Task prompt
Copy all data exactly. Skip pictures.

** Information provided follows **

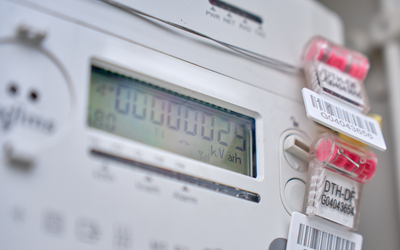 Ein digitaler Stromzähler zeigt den aktuellen Verbrauch in kWh an. Auf dem Zähler sind mehrere farbige Clips mit Barcodes angebracht. Der Bildschirm ist hell und gut lesbar, mit einer Anzeige von "000000.02 kWh".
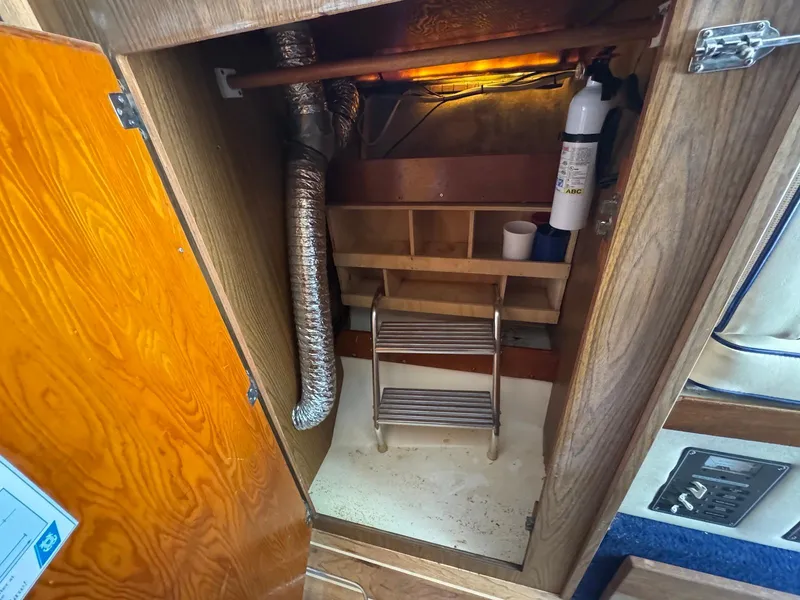Slide: The Image of 1973 Bertram 28 Sport Fisherman interior storage with fire extinguisher and ventilation duct. - 12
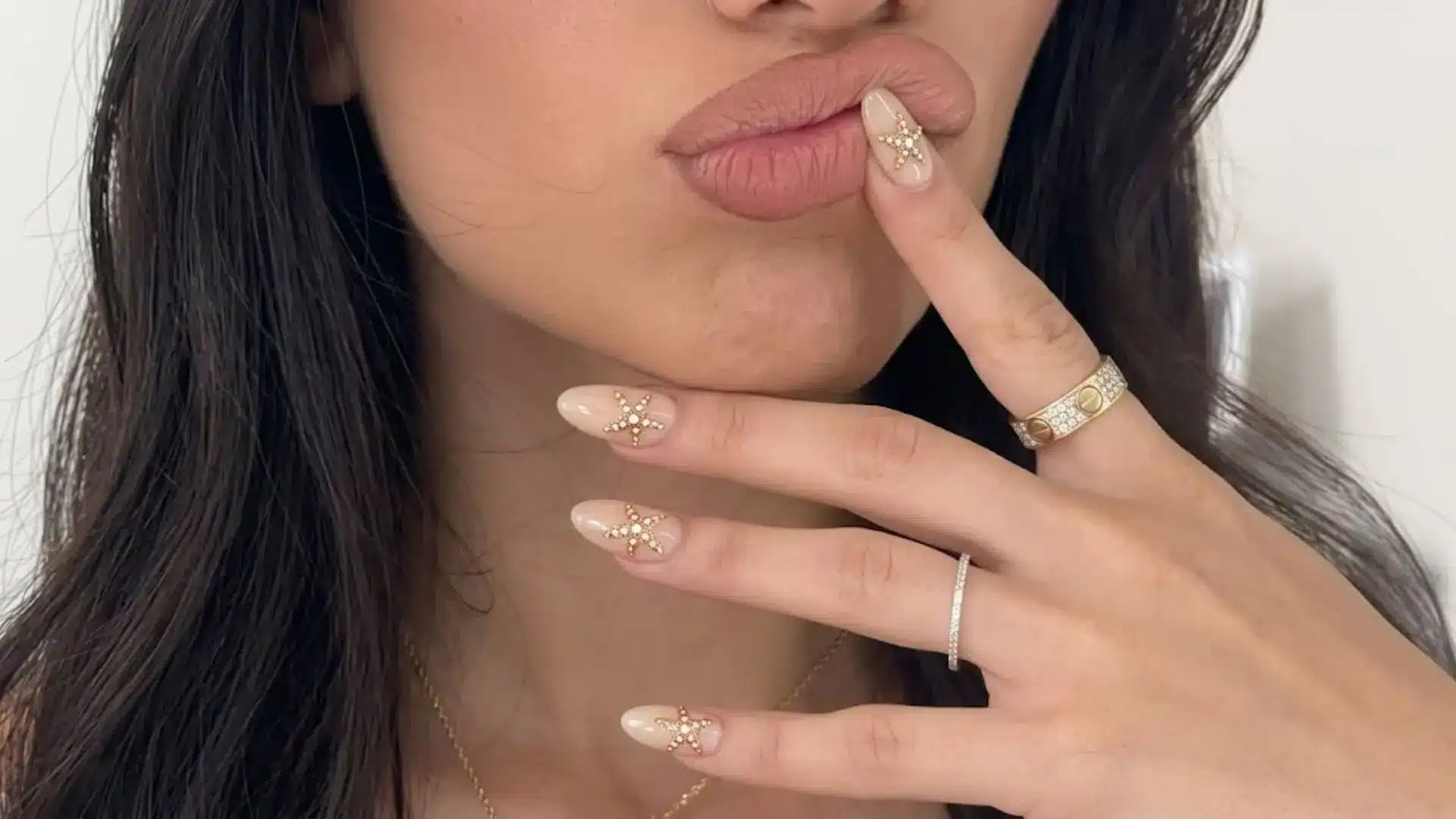 Nude almond nails with gold starfish accents near lips, minimalist beach manicure with elegant jewelry styling
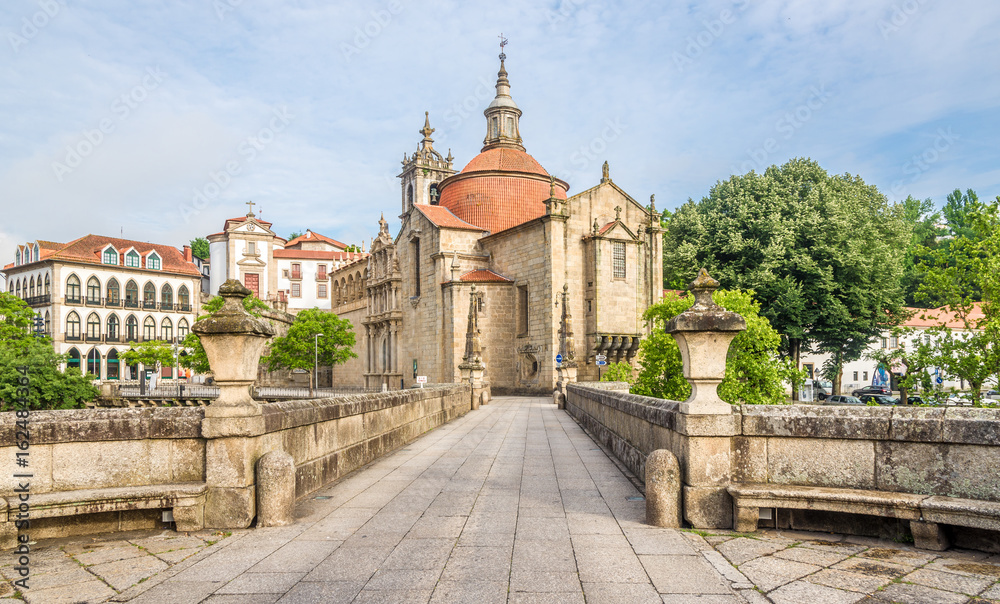 View at the Sao Goncalo monastery through the Old bridge over the river Tamega in Amarante ,Portugal - obrazy, fototapety, plakaty 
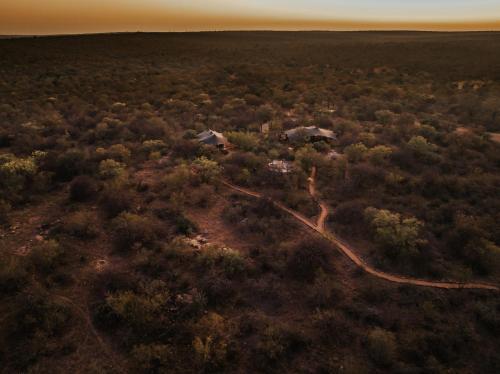 an overhead view of a forest with houses and trees at Oase by 7 Star Lodges - Greater Kruger Private 530ha Reserve in Hoedspruit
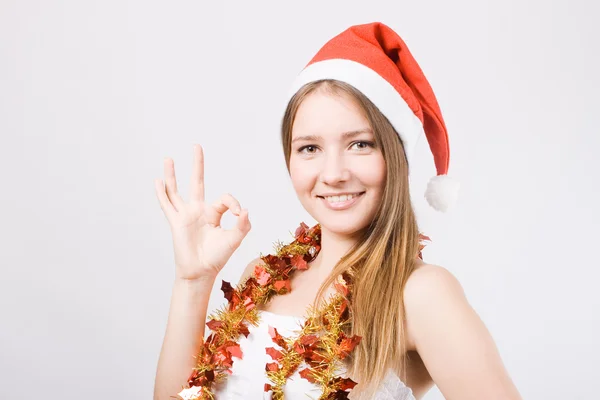 Attractive young women in santa claus hat — Stock Photo, Image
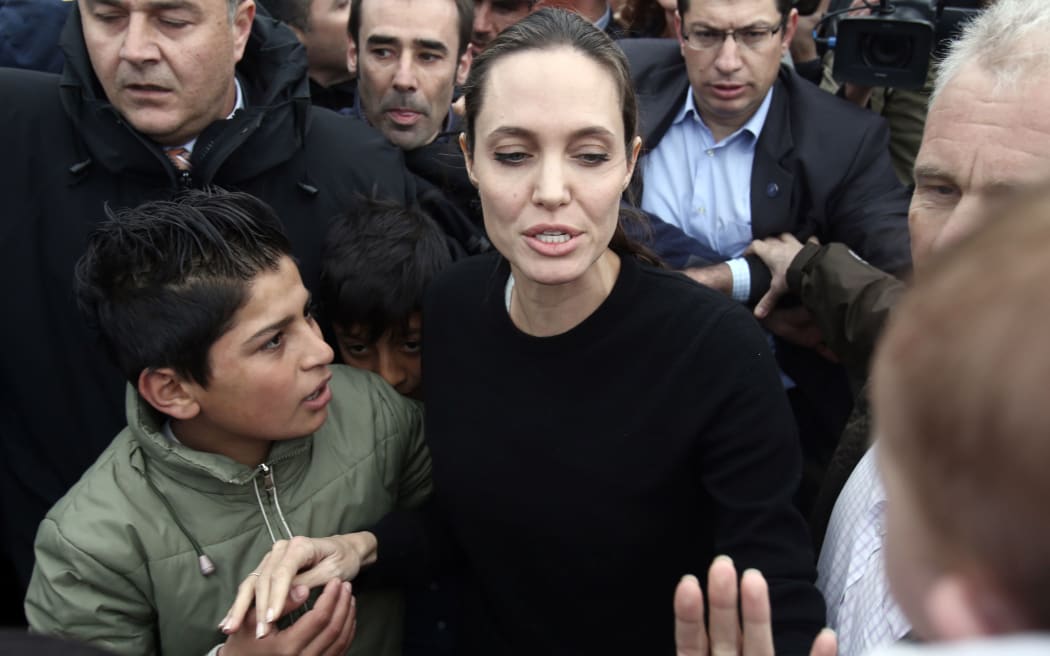 UNHCR's Goodwill Ambassador Angelina Jolie Pitt (C) visiting refugees during her visit to the port of Piraeus.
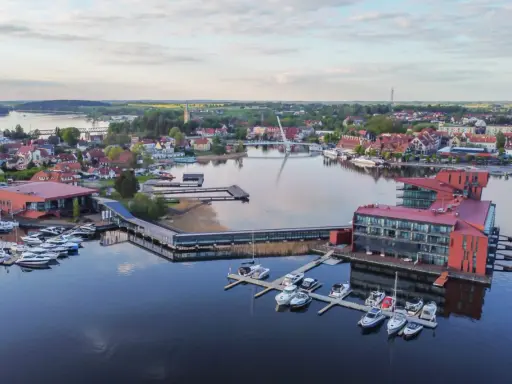 Nowoczesna marina i hotel na Mazurach. Widać tu liczne łodzie, nowoczesną architekturę i malowniczy krajobraz, idealne mazury atrakcje.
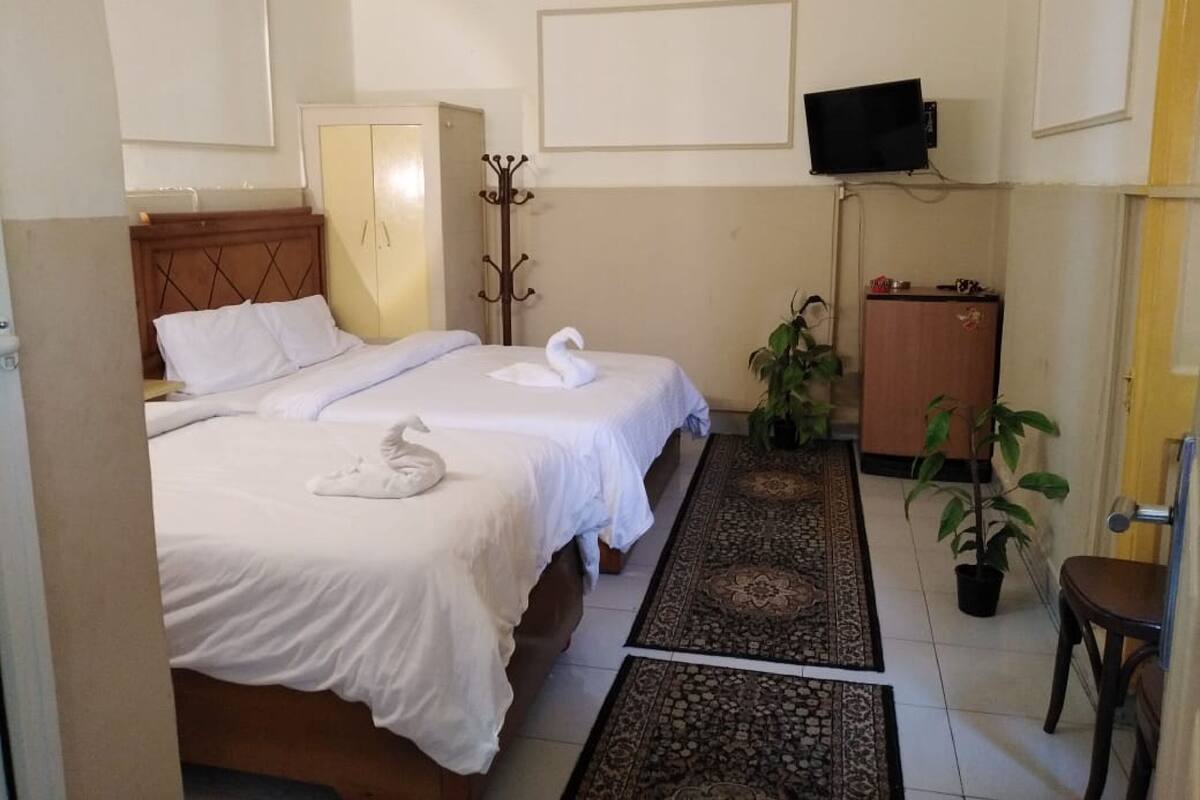 A hotel room with two beds, a TV, a coat rack, a desk, and a potted plant.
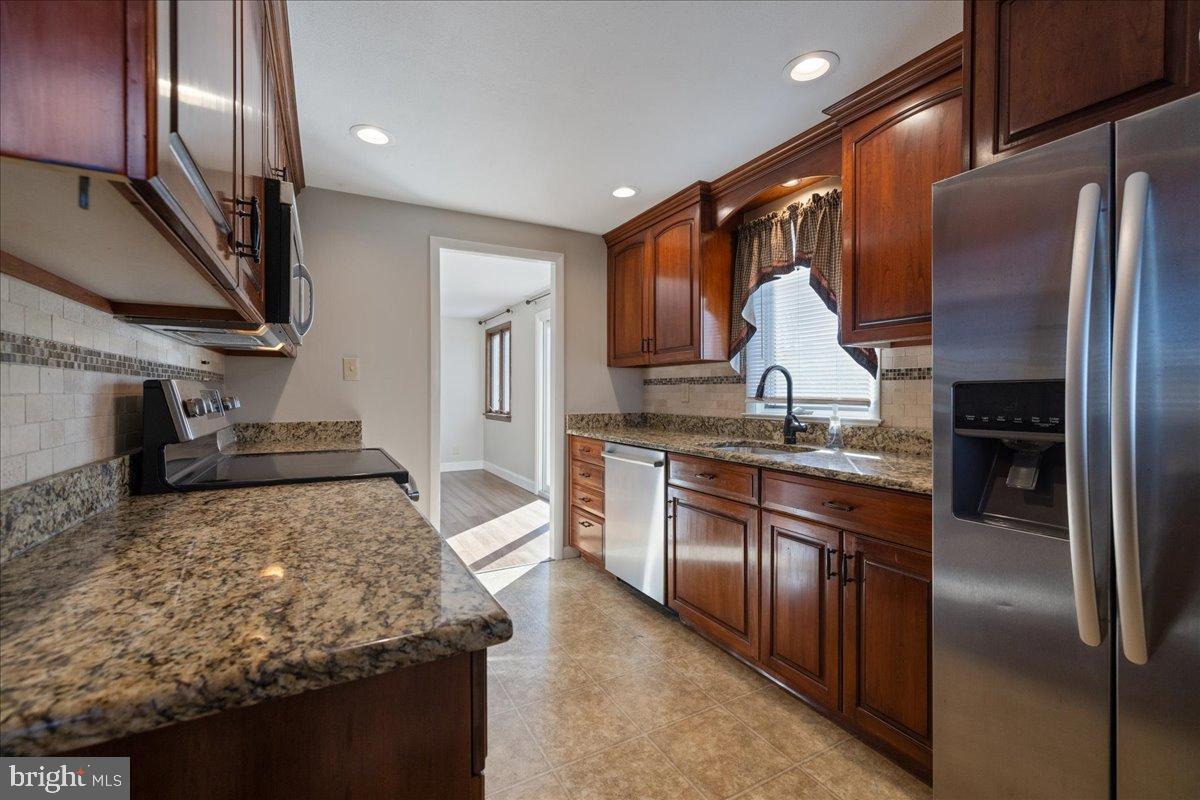 563 Deep Run Road Perkasie, PA 18944 - Photo 9 of 61 Modern kitchen with rich wood accents.
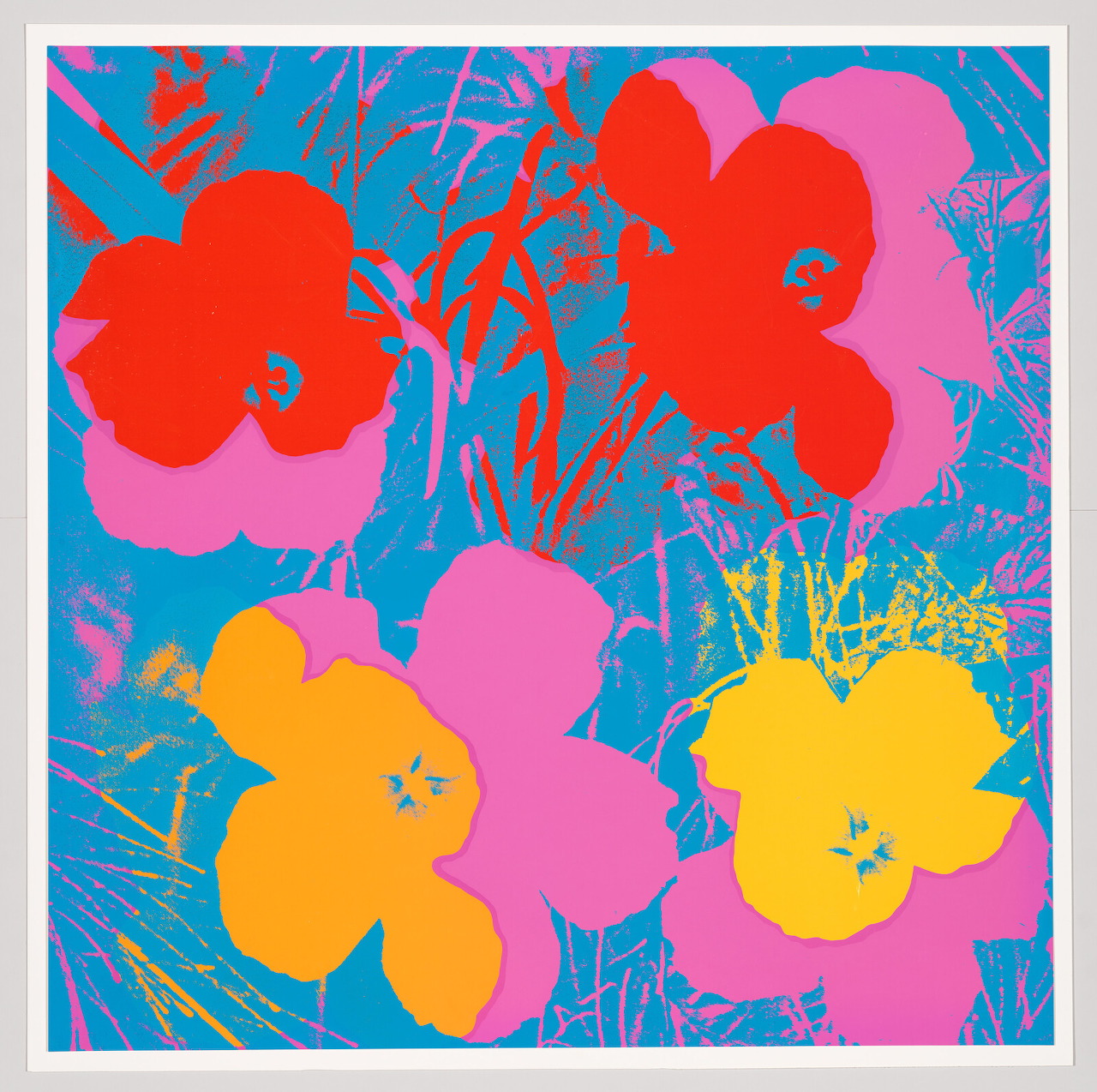 Pop art flowers in bright pink, red, yellow, orange on blue background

** End of Information provided **

Task solution
 Ein digitaler Stromzähler zeigt den aktuellen Verbrauch in kWh an. Auf dem Zähler sind mehrere farbige Clips mit Barcodes angebracht. Der Bildschirm ist hell und gut lesbar, mit einer Anzeige von "000000.02 kWh".
Slide: The Image of 1973 Bertram 28 Sport Fisherman interior storage with fire extinguisher and ventilation duct. - 12
 Nude almond nails with gold starfish accents near lips, minimalist beach manicure with elegant jewelry styling
 View at the Sao Goncalo monastery through the Old bridge over the river Tamega in Amarante ,Portugal - obrazy, fototapety, plakaty 
 an overhead view of a forest with houses and trees at Oase by 7 Star Lodges - Greater Kruger Private 530ha Reserve in Hoedspruit
 Attractive young women in santa claus hat — Stock Photo, Image
 UNHCR's Goodwill Ambassador Angelina Jolie Pitt (C) visiting refugees during her visit to the port of Piraeus.
 Nowoczesna marina i hotel na Mazurach. Widać tu liczne łodzie, nowoczesną architekturę i malowniczy krajobraz, idealne mazury atrakcje.
 A hotel room with two beds, a TV, a coat rack, a desk, and a potted plant.
 563 Deep Run Road Perkasie, PA 18944 - Photo 9 of 61 Modern kitchen with rich wood accents.
 Pop art flowers in bright pink, red, yellow, orange on blue background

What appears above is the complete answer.